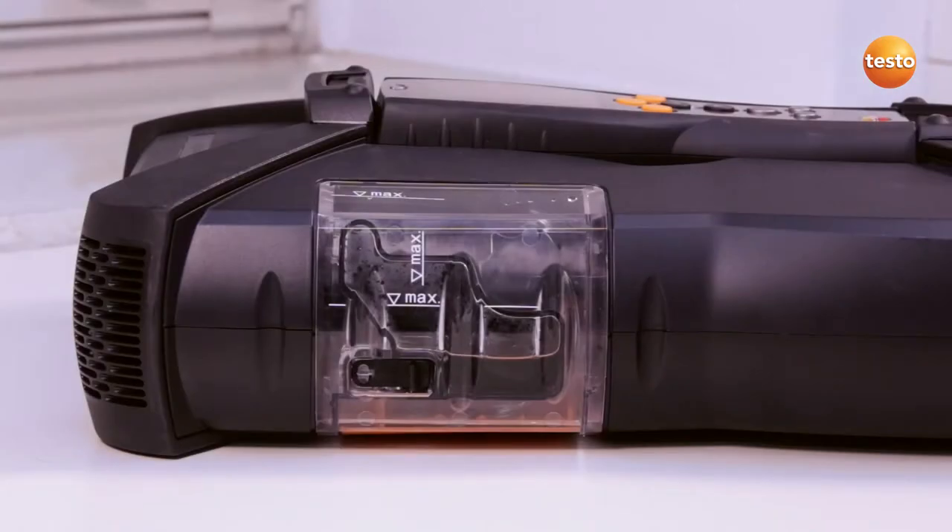Since the condensate consists of a weak acidic mixture, contact with the skin should be strictly avoided. The condensate trap should not be emptied when the measurement gas pump is running.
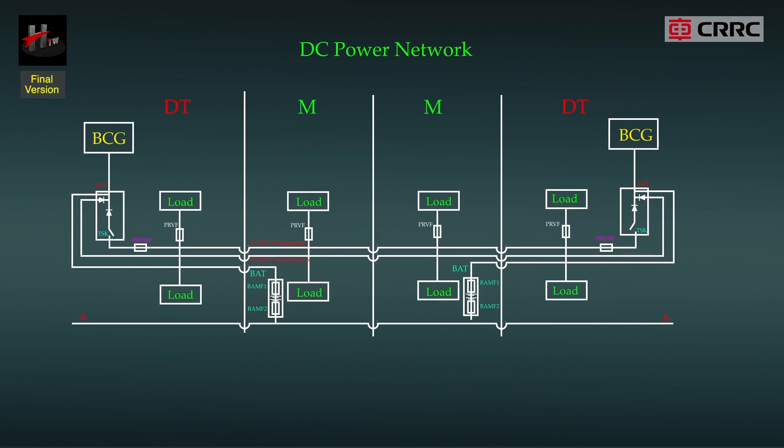The battery chargers on the whole train provide 110 volt DC power with parallel power supply applied between the unit trains. The schematic of the DC power network is shown below.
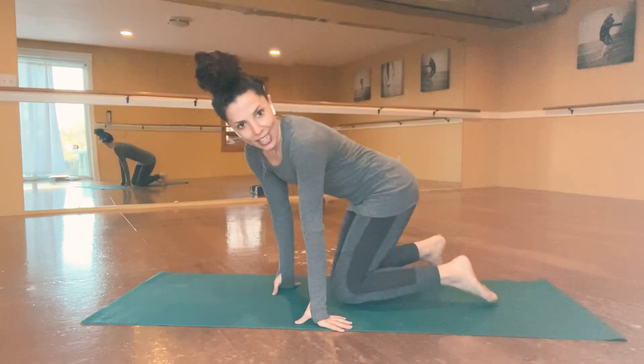Hi there, everybody. Melissa here with the Dancing House and Dance On Demand, and we are going to do just the five-minute endorphin rush stretch. It's one of my favorites. It is strength, it is core, it is back, it is balance, and you just get a little euphoria at the end of it. It is Friday when I video this, so happy Friday if you're watching this today or on a Friday.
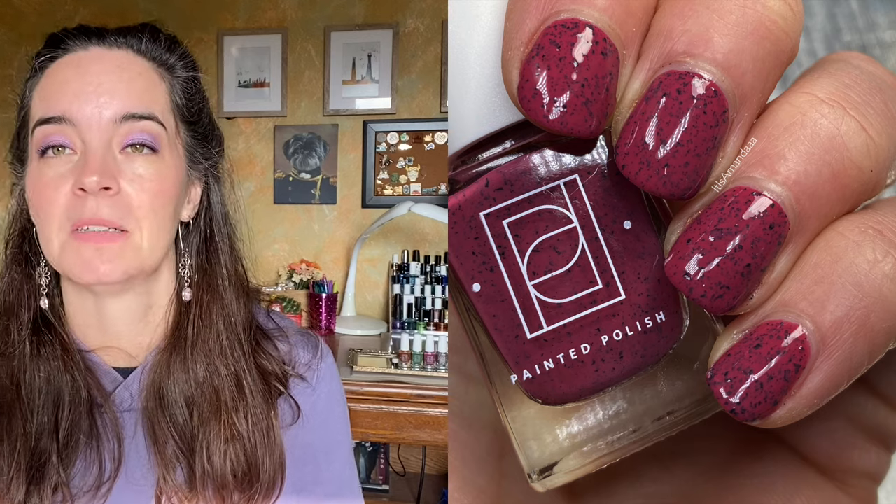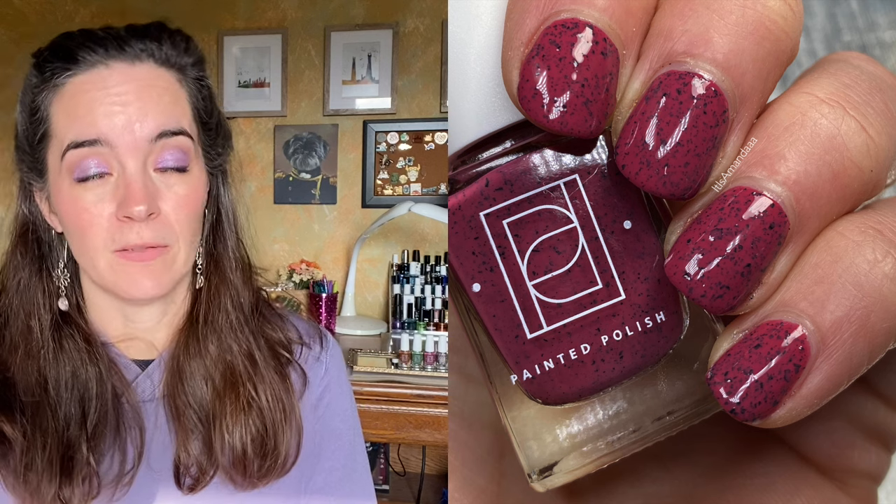The next polish is called Yes We Crayon, and this is a cranberry crelly base with black metallic flakes. Again, simple composition — it looks like there's just two things. I know there's more to it than that, but of course it is beautiful. It covers in two coats. I love this color, I love the black flakies, I love cranberries, I love the name. Just a big fan. Two coats of Yes We Crayon.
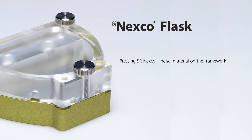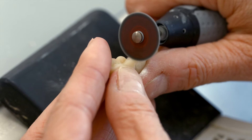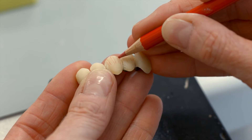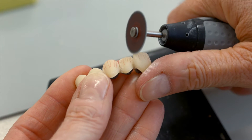Part 5. Pressing SR-NEXCO incisal material on the framework. Cut back the pressed-on dentin in order to accommodate the incisal material. Use rotating instruments, for example, tungsten carbide burrs or separating discs.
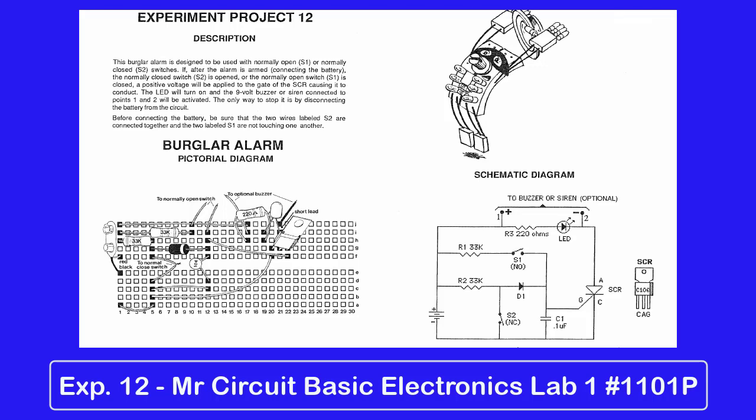For example, a normally closed circuit might be a foil glued to a glass surface, and if the glass is broken, this burglar alarm circuit would react. An example of a normally open circuit would be a switch that is activated when a door is opened.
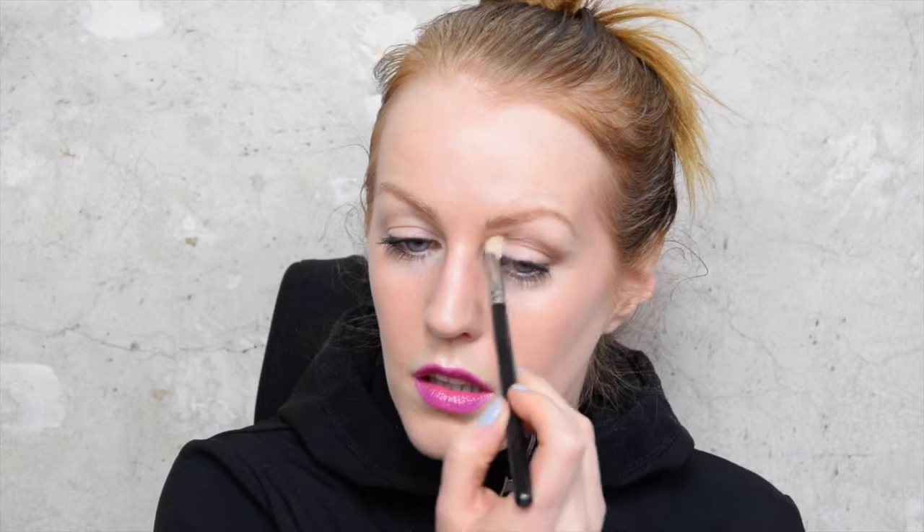Then I'm going to take my blending brush and make sure there are no harsh edges. I'll apply one more layer just to make sure it lasts. The trick with blending is to be light-handed with the brush — let the brush do the work for you.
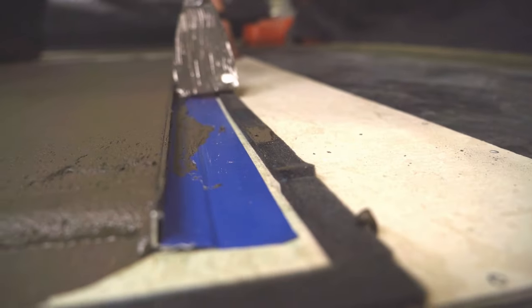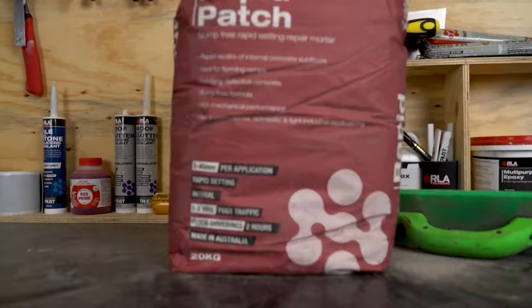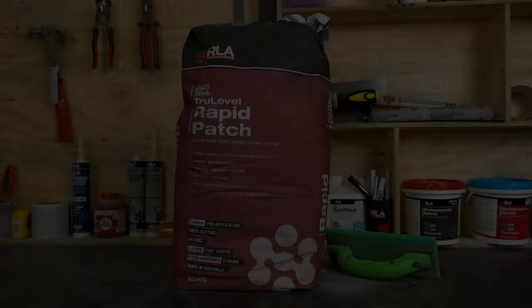Rapid drying properties make it ideal for projects with tight deadlines, allowing for the installation of most floor coverings and exposure to foot traffic after only 2 hours. Use True Level Rapid Patch for repairs where high levels of mechanical performance, rapid hardening and drying properties are essential.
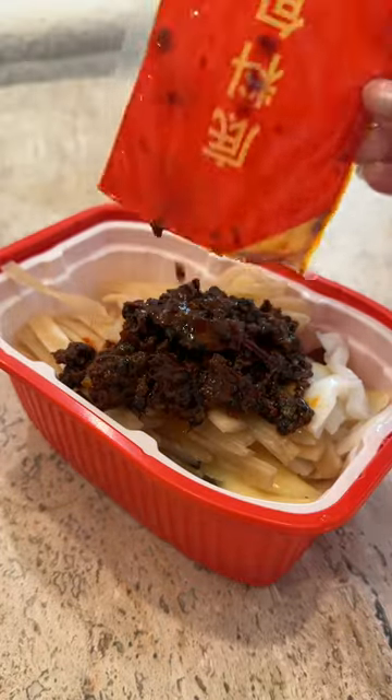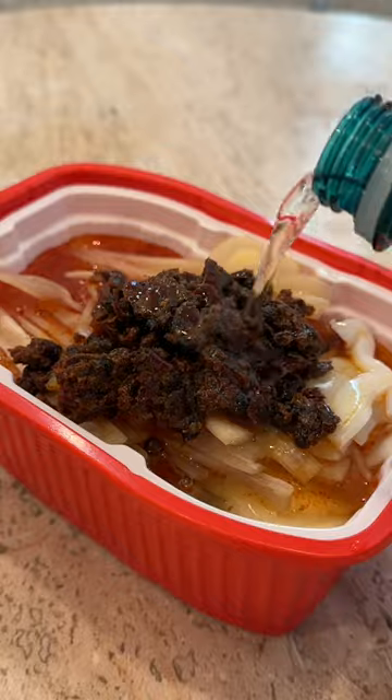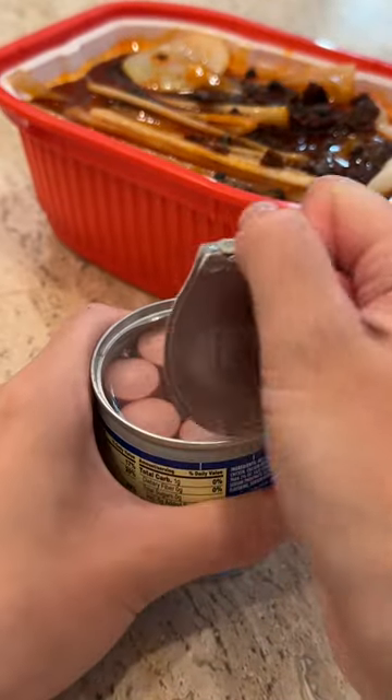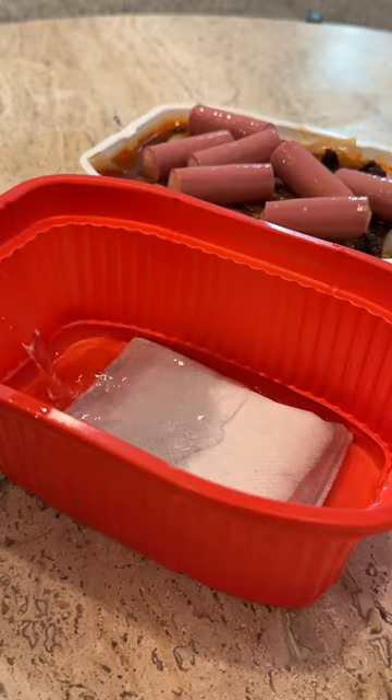All you do is empty out all the packets inside. It comes with veggies, noodles, and also the flavoring packet. Add some water and mix it together. And since this doesn't come with meat, I'm adding a canned Vienna sausage that I had in my pantry.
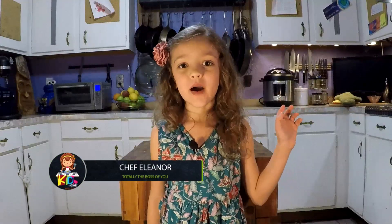Hi, everybody. My name is Eleanor. I love cooking with my mommy and daddy. I'm here to show you that good food doesn't have to be complicated. It can be so easy that a little kid like me can do it. I'll show you how here on Kids Cook.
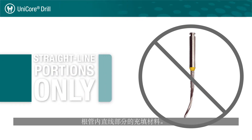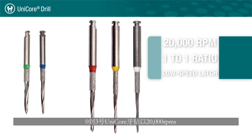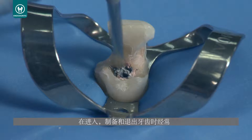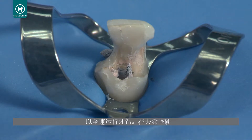The size 0 to 3 Unicore drills run at 20,000 RPMs in a 1 to 1 ratio low speed latch. The size 4 Unicore drill is the only one that runs at 5,000 RPMs. Always have the drill running full speed while entering, preparing, and exiting the tooth.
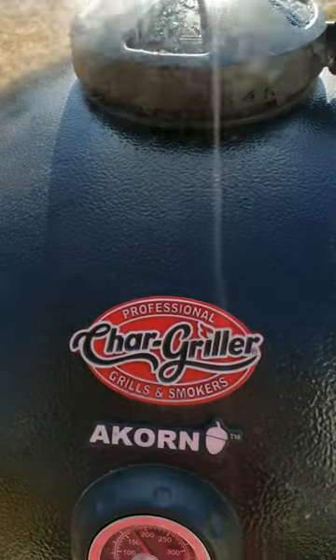The Acorn's running about 350. It's time to put them on here — let's get them to cooking. See you after a while.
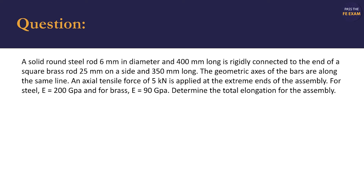For steel, the modulus of elasticity E is 200 gigapascals, and for brass, 90 gigapascals. Determine the total elongation for the assembly. We should identify that the material properties are already provided to us and vary between the materials.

※

**What this task involves**
Copy exactly the part of the material above that opens with the line containing "The next polish" and closes with the line containing "All you do is", ends included. Drop the images.

**Output below**
The next polish is called Yes We Crayon, and this is a cranberry crelly base with black metallic flakes. Again, simple composition — it looks like there's just two things. I know there's more to it than that, but of course it is beautiful. It covers in two coats. I love this color, I love the black flakies, I love cranberries, I love the name. Just a big fan. Two coats of Yes We Crayon.
Part 5. Pressing SR-NEXCO incisal material on the framework. Cut back the pressed-on dentin in order to accommodate the incisal material. Use rotating instruments, for example, tungsten carbide burrs or separating discs.
For example, a normally closed circuit might be a foil glued to a glass surface, and if the glass is broken, this burglar alarm circuit would react. An example of a normally open circuit would be a switch that is activated when a door is opened.
Then I'm going to take my blending brush and make sure there are no harsh edges. I'll apply one more layer just to make sure it lasts. The trick with blending is to be light-handed with the brush — let the brush do the work for you.
Rapid drying properties make it ideal for projects with tight deadlines, allowing for the installation of most floor coverings and exposure to foot traffic after only 2 hours. Use True Level Rapid Patch for repairs where high levels of mechanical performance, rapid hardening and drying properties are essential.
All you do is empty out all the packets inside. It comes with veggies, noodles, and also the flavoring packet. Add some water and mix it together. And since this doesn't come with meat, I'm adding a canned Vienna sausage that I had in my pantry.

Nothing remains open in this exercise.